Your task — Your task is to transcribe the records exactly, skipping every image.

──────────

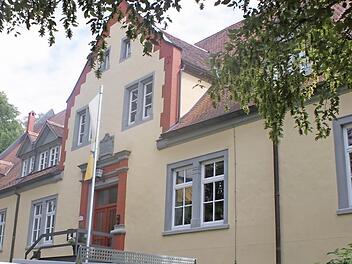 Die Jugendherberge in K&ouml;nigsberg befindet sich mitten in der Natur, aber ist nur f&uuml;nf Minuten vom historischen Stadtkern entfernt.  Foto: Lisa Kieslinger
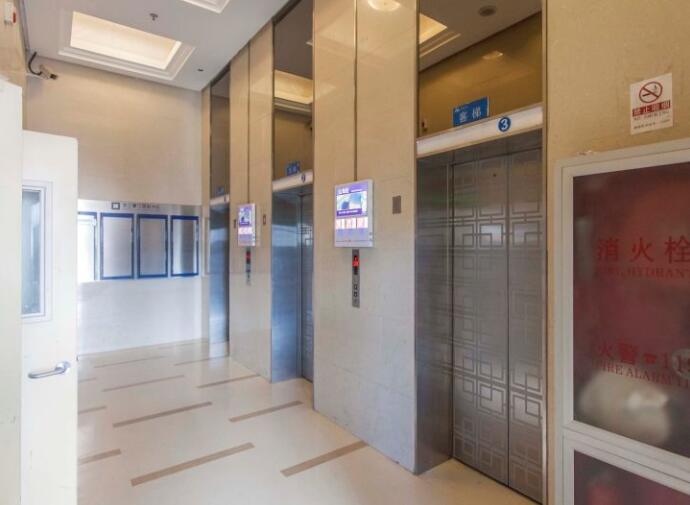 珠江摩尔国际大厦 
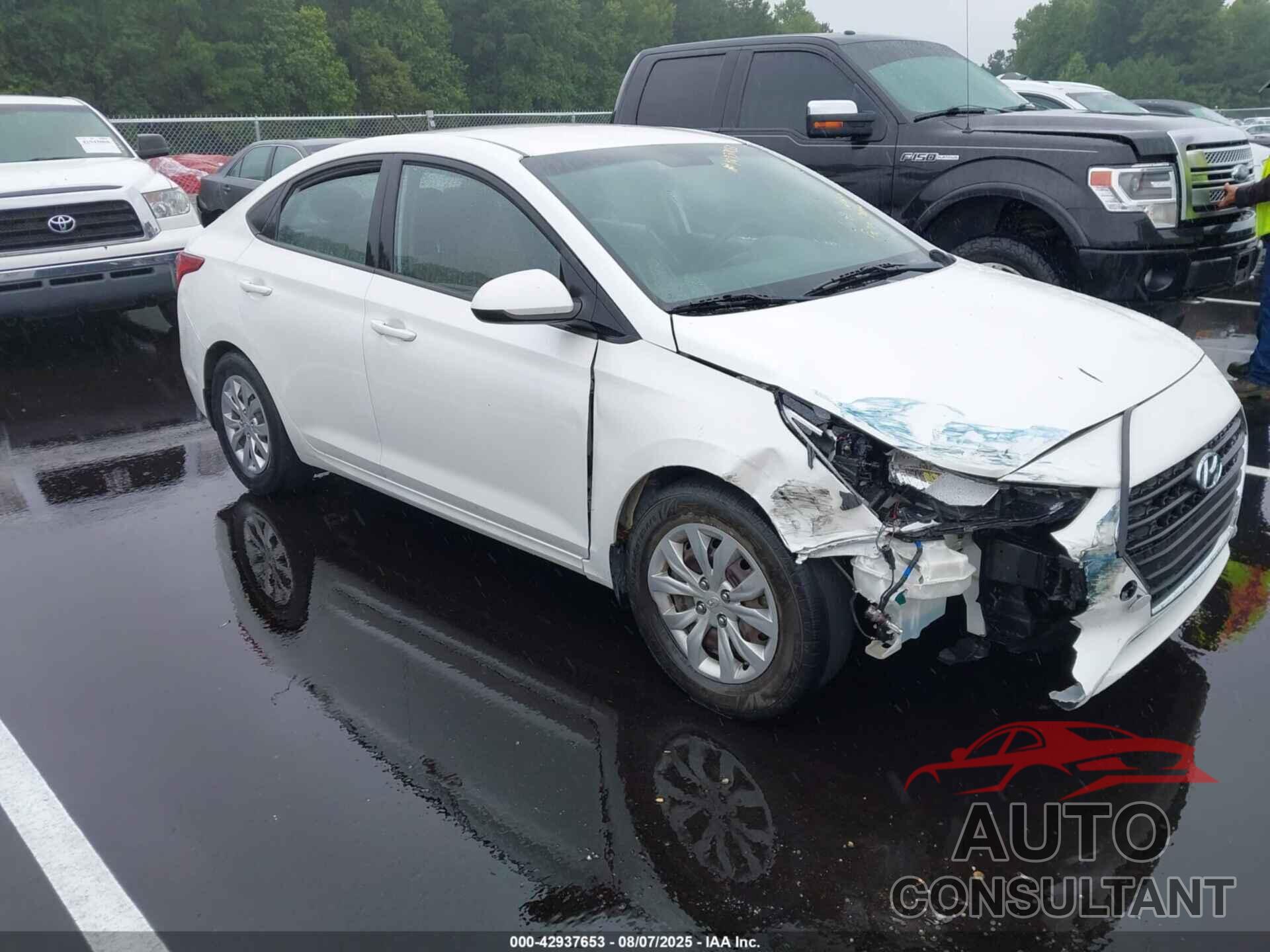 HYUNDAI ACCENT 2018 - 3KPC24A36JE032743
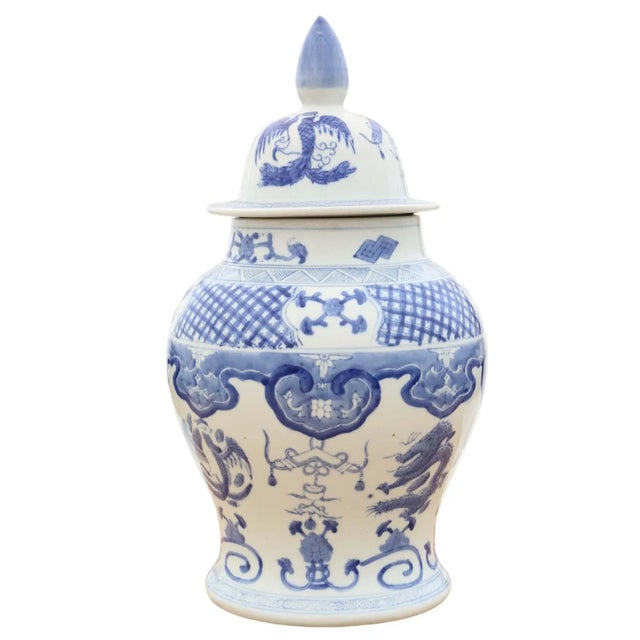 Antique Chinese Oriental Blue and White Ceramic Ginger Jar with Lid, 1920s For Sale - Image 3 of 9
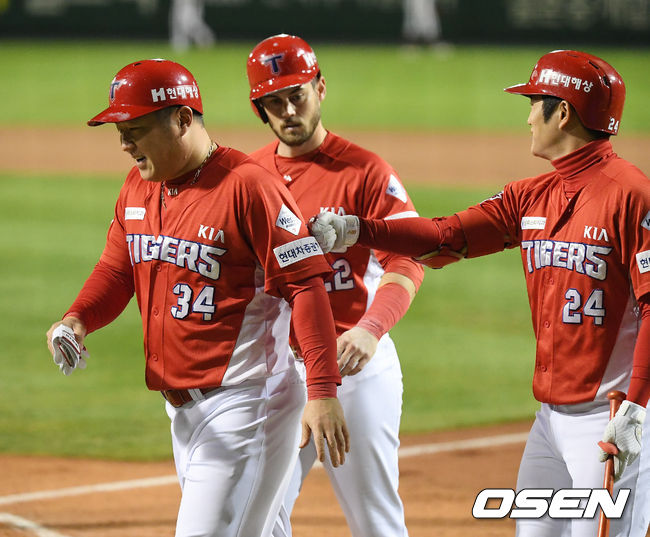 KIA 나지완의 우중간 선취 2타점 적시타때 홈을 밟은 최형우가 터커가 김민식에게 축하를 받고 있다./rumi@osen.co.kr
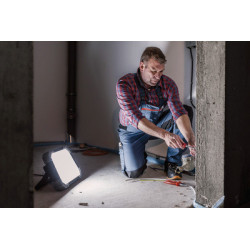 Projecteur LED portable IP65 DINORA 8000 - BRENNENSTUHL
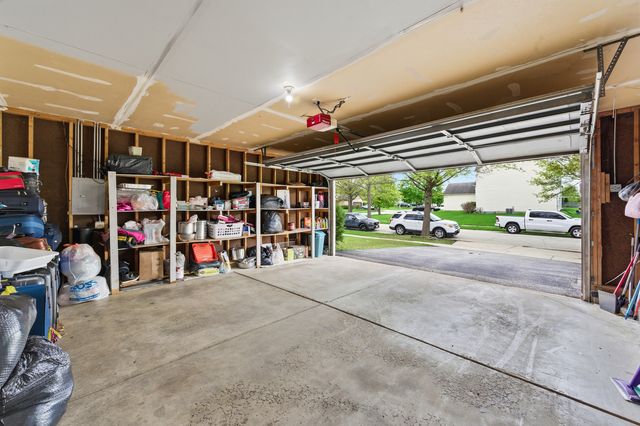 2054 Mission Hills Drive, Elgin, IL 60123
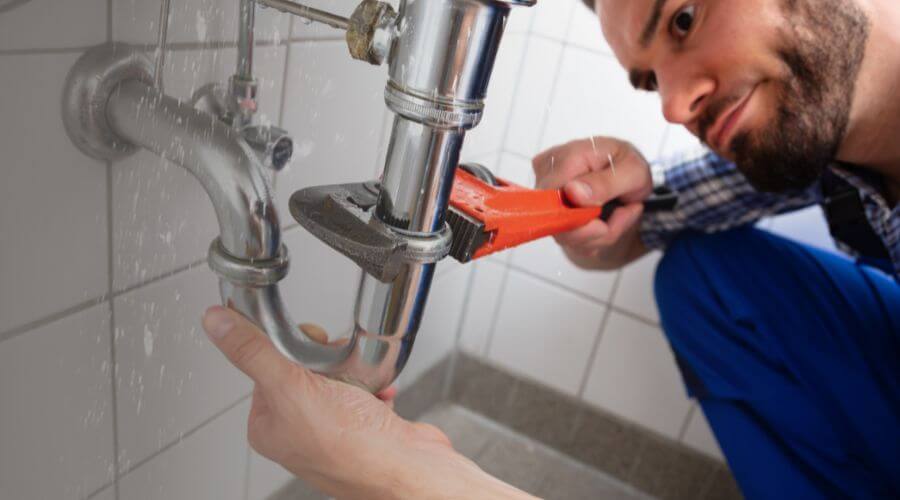 Professional same day plumber services in Hanlontown, IA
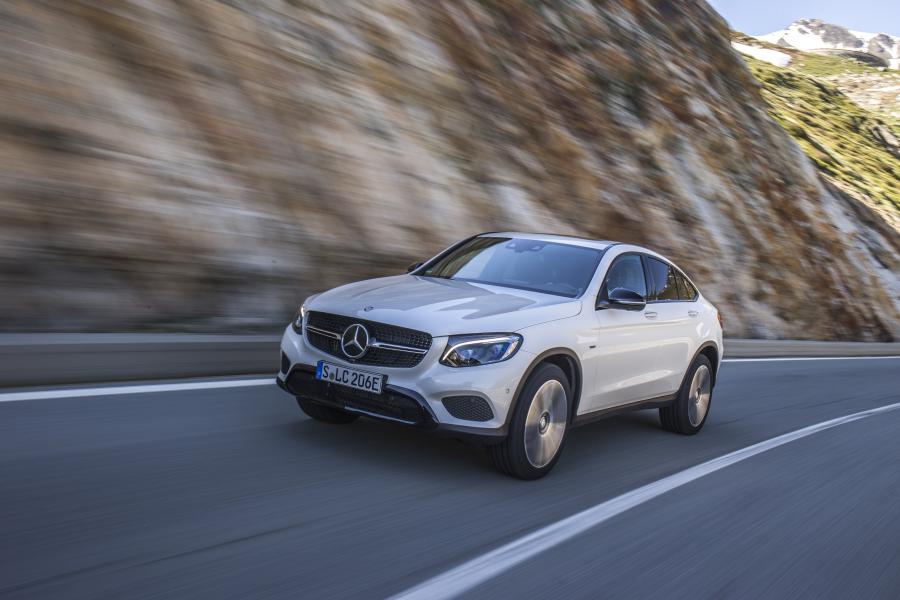  Mercedes-Benz GLC350 e 4Matic Coupe 2016 года  (фото 11 из 43)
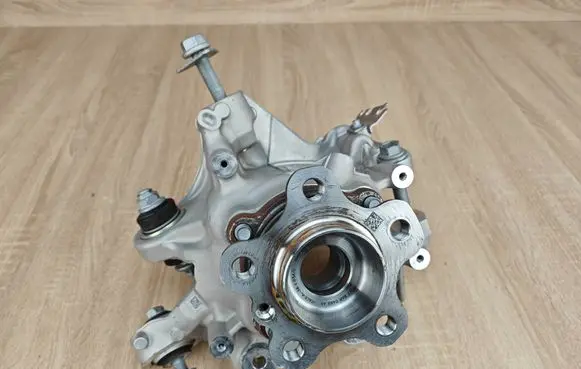 BMW 8 G16 Rear wheel hub spindle/knuckle 6854120 8838134
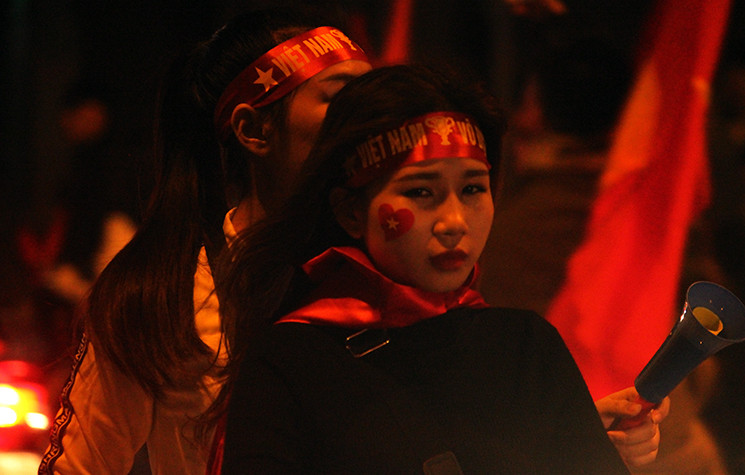 Các cổ động viên nữ cũng nhanh chóng cùng bạn bè xuống phố ăn mừng chiến thắng của đội tuyển Việt Nam.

──────────

Exercise result —
 Die Jugendherberge in K&ouml;nigsberg befindet sich mitten in der Natur, aber ist nur f&uuml;nf Minuten vom historischen Stadtkern entfernt.  Foto: Lisa Kieslinger
 珠江摩尔国际大厦 
 HYUNDAI ACCENT 2018 - 3KPC24A36JE032743
 Antique Chinese Oriental Blue and White Ceramic Ginger Jar with Lid, 1920s For Sale - Image 3 of 9
 KIA 나지완의 우중간 선취 2타점 적시타때 홈을 밟은 최형우가 터커가 김민식에게 축하를 받고 있다./rumi@osen.co.kr
 Projecteur LED portable IP65 DINORA 8000 - BRENNENSTUHL
 2054 Mission Hills Drive, Elgin, IL 60123
 Professional same day plumber services in Hanlontown, IA
  Mercedes-Benz GLC350 e 4Matic Coupe 2016 года  (фото 11 из 43)
 BMW 8 G16 Rear wheel hub spindle/knuckle 6854120 8838134
 Các cổ động viên nữ cũng nhanh chóng cùng bạn bè xuống phố ăn mừng chiến thắng của đội tuyển Việt Nam.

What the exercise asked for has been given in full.